Work required
Could you write out exactly, and only, the lines from the one containing "Chaise vert sauge 82x44x51 cm Bastille" through the last line of the data, leaving out all pictures?
=====
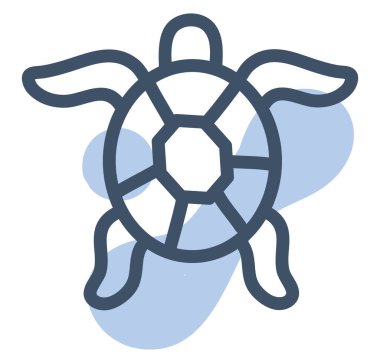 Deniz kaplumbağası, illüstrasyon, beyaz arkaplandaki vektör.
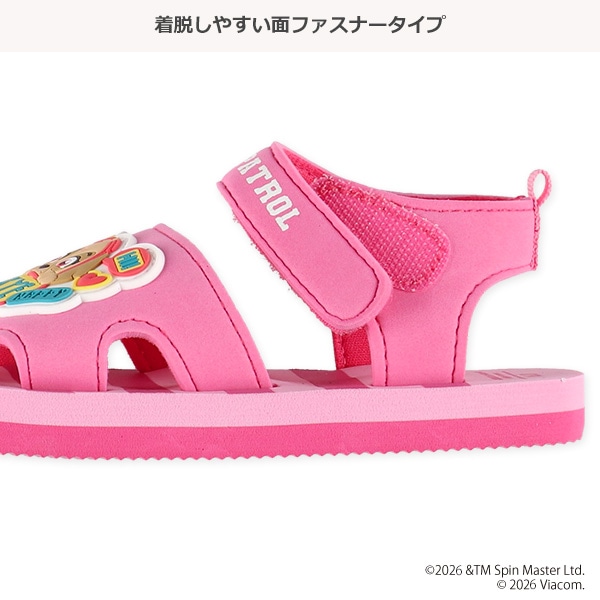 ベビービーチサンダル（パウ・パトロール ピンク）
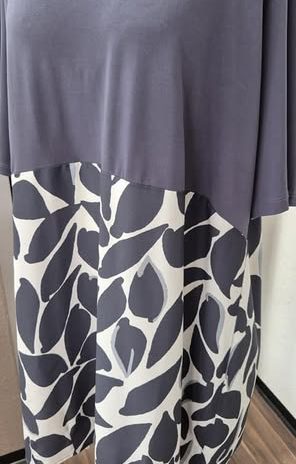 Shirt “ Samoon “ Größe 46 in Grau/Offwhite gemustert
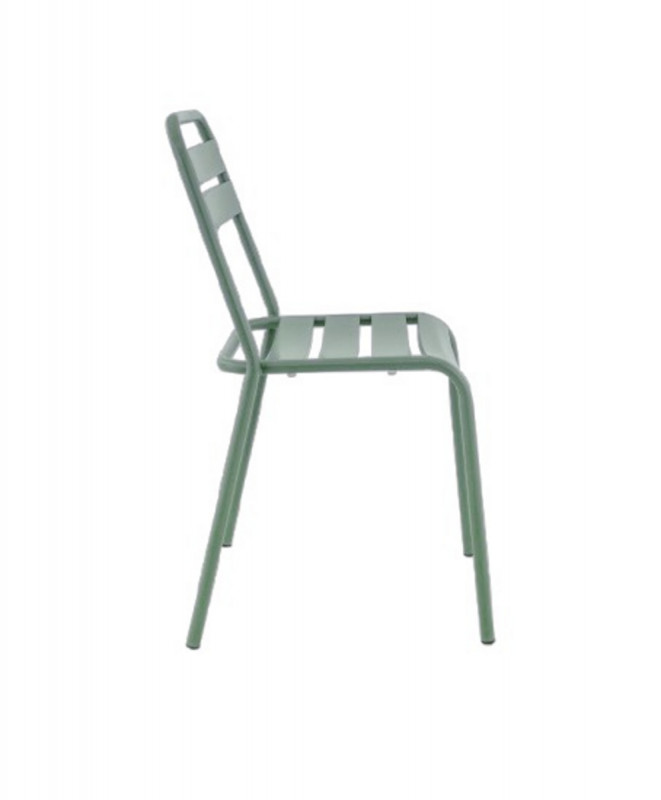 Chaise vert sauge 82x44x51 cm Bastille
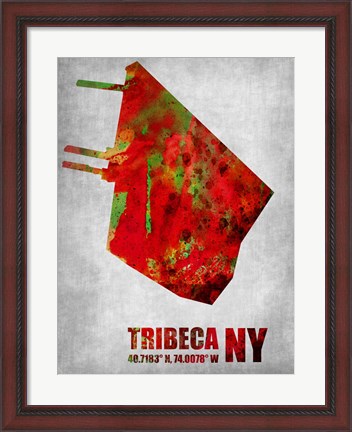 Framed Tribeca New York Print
=====
Output
 Chaise vert sauge 82x44x51 cm Bastille
 Framed Tribeca New York Print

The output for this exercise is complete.